Belgique

Alors, révolution au MR ou simples ajustements? Pro et anti-Reynders avaient chacun leur lecture de l’accord soumis, lundi soir, aux membres du Conseil de fédération, destiné à mettre un terme au conflit qui mine le parti depuis quelque temps. Que contient cet accord ?

Première idée : il n’y aura plus de cumul au MR directement après les prochaines élections législatives, prévues en 2011. A ce moment-là, quoi qu’il arrive - autrement dit, même en cas de victoire électorale du MR -, il y aura une élection interne au MR. Le mandat de Didier Reynders sera donc amputé de plus d’un an (il est normalement en poste jusqu’en octobre 2012).

Deuxième idée : les compétences sont désormais partagées entre le président du MR et le nouveau vice-président. Le texte dit : "Le vice-président, issu de la composante libérale, disposera de compétences politiques et exécutives propres. Il présidera le Conseil du Mouvement réformateur lorsque les domaines relevant de sa compétence seront abordés. Le calendrier et l’agenda des conseils seront fixés de commun accord entre le président et le vice-président. En cas d’absence du président, le vice-président présidera également le bureau. Le vice-président coordonnera, en accord avec les composantes, la politique du MR dans les Régions et les Communautés, dans les Provinces et les communes. Il préparera avec le président du MR le Printemps des réformes et sera chargé de la communication externe dans les domaines qui relèvent de sa compétence. Il gérera la communication interne en collaboration avec le président."

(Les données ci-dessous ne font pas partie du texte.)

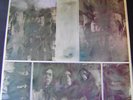 TIN HOUSE SAME LP IN 1971 MINT PROGRESSIV MONSTER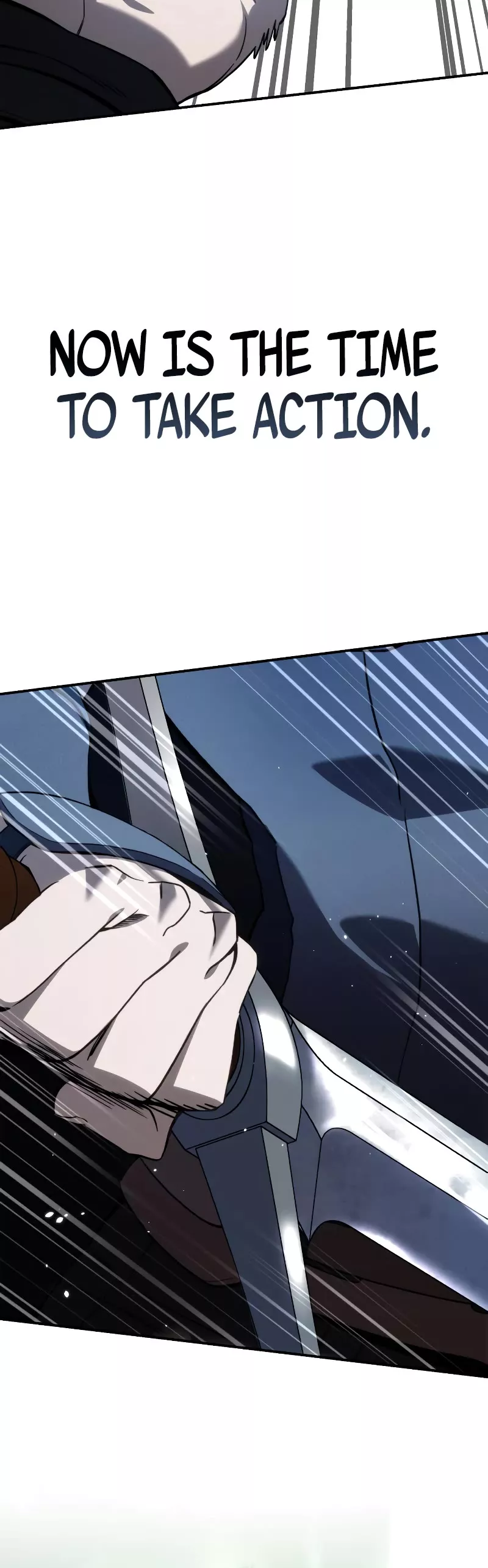 Star-Fostered Swordmaster, chapter 30, image 59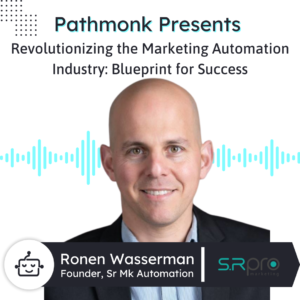 SR Professional Marketing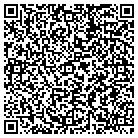 QR code with Tourism Div Information Center contacts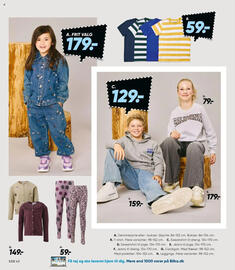 Bilka tilbudsavis uge 37 Side 7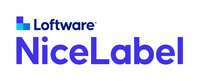 NiceLabel NLPRXX0013 Software-Lizenz/-Upgrade 1 Lizenz(en) 3 Jahr(e)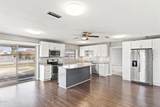 905 12th Street - Photo 2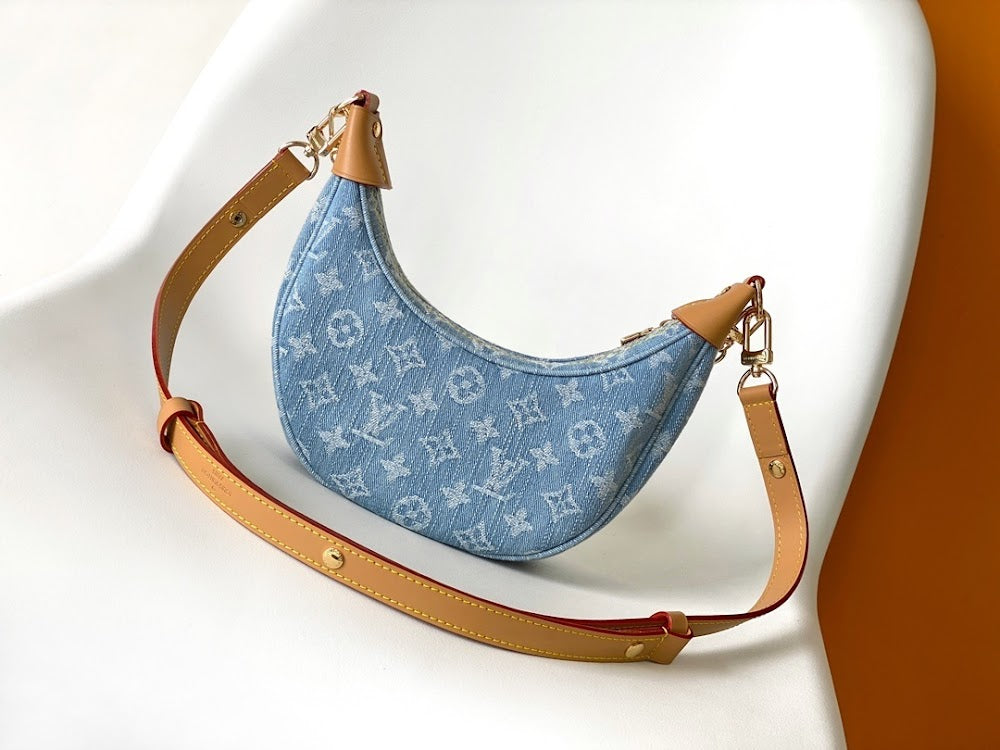 Dragons Bags ln Luxury Bag --81517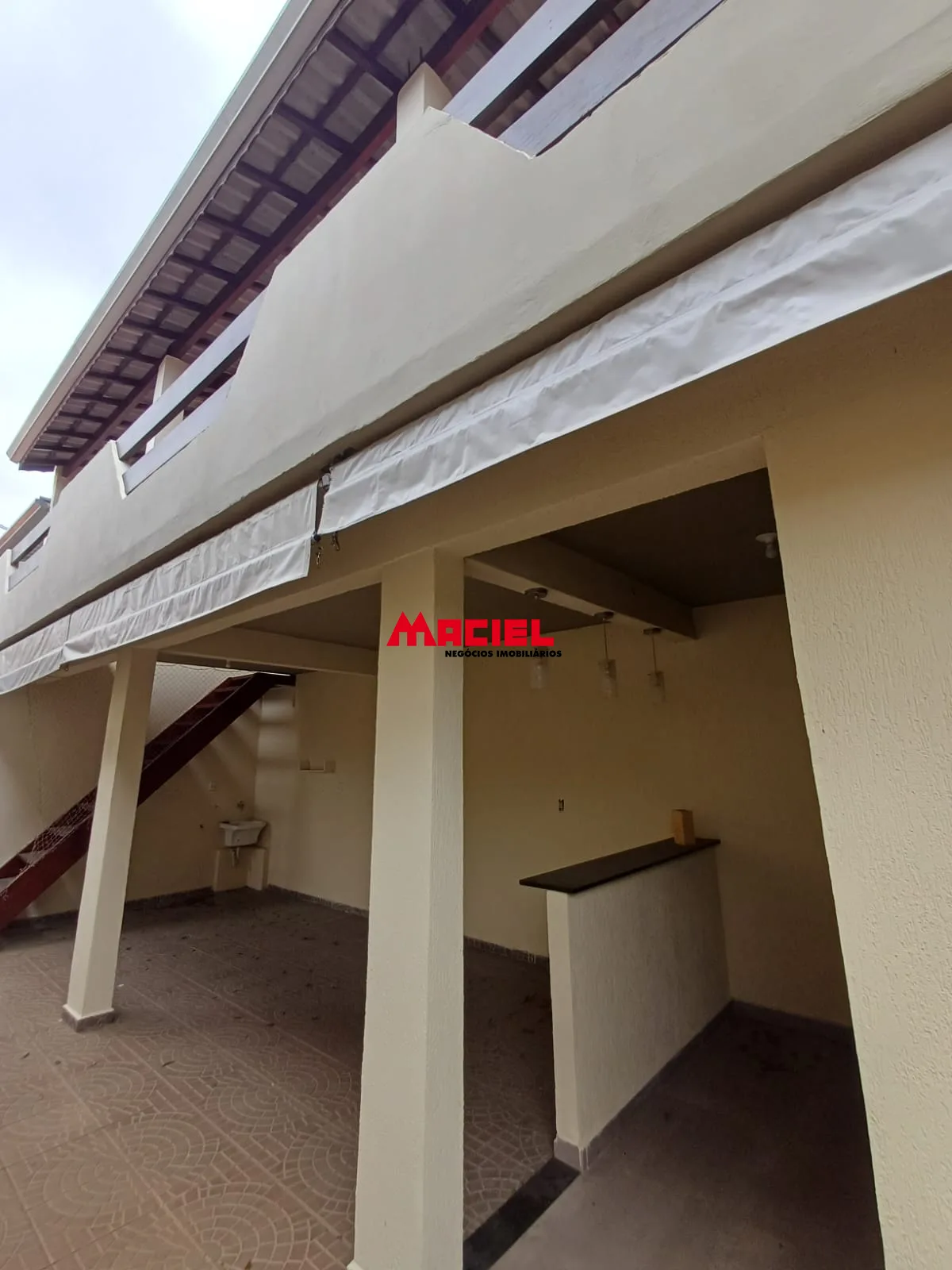 Comprar Casa / Padr&atilde;o em S&atilde;o Jos&eacute; dos Campos R$ 750.000,00 - Foto 30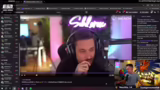 Just Chatting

Le vice-président sera chargé de la préparation des élections communales et provinciales de 2012 en ce compris les contacts avec les autres formations politiques. Il devra également animer les activités des sections et des fédérations du Mouvement réformateur.

Le vice-président sera aussi chargé de l’organisation interne du parti, en étroite collaboration avec le président du MR. Conjointement, il disposera de l’autorité sur le personnel du MR. Le vice-président bénéficiera également d’un budget propre dans le cadre de son action et disposera, si nécessaire, de moyens supplémentaires pour son action.

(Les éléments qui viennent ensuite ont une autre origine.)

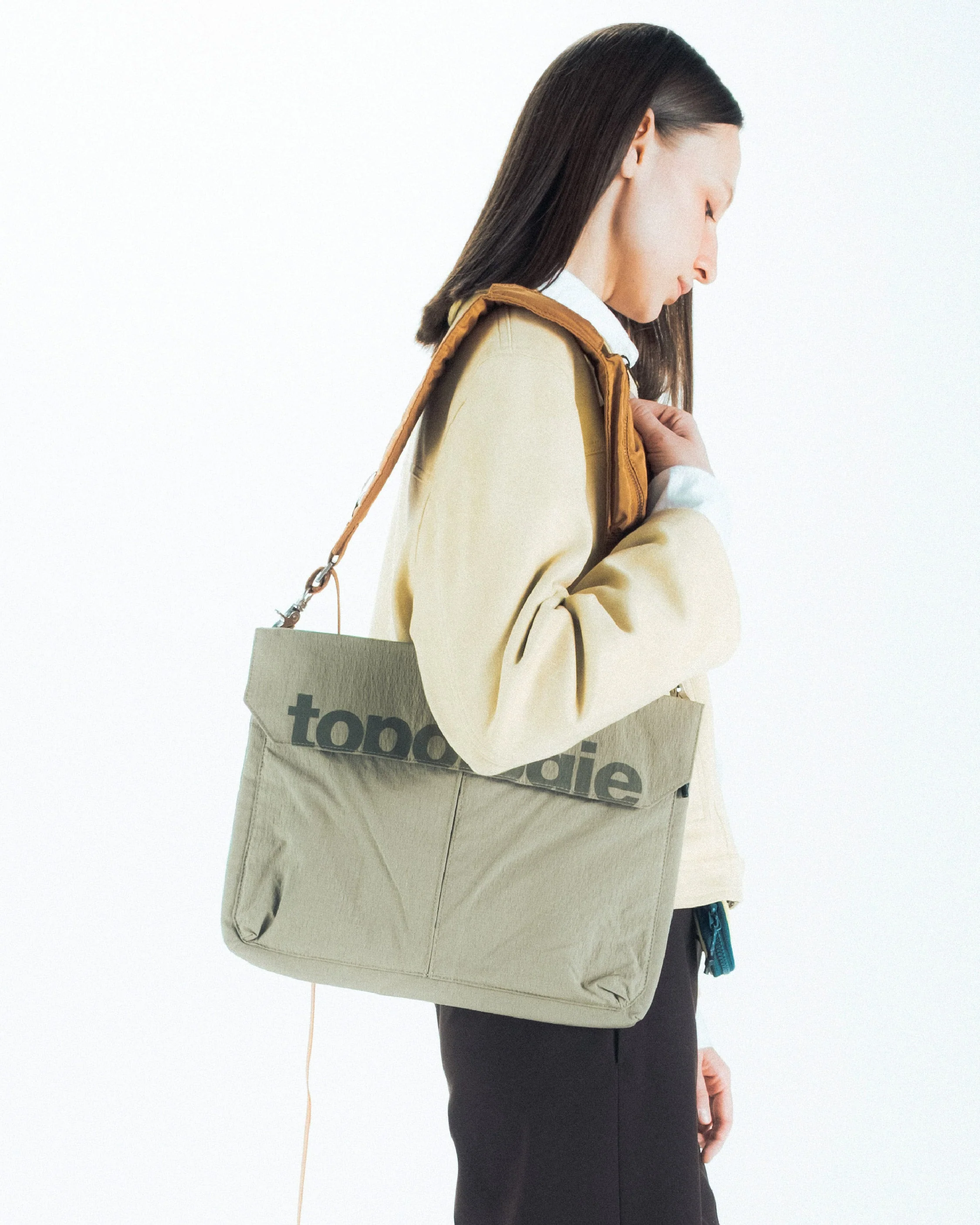 Bomber Strap - Image 10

Les désignations dans les organismes publics feront également l’objet de propositions établies en commun avec le président.

Les choix des têtes de listes pour les prochaines élections seront réglés dans les Provinces et les communes en Wallonie et à Bruxelles. Ils seront ensuite soumis à la concertation entre le président et le vice-président avant d’être soumis au Bureau.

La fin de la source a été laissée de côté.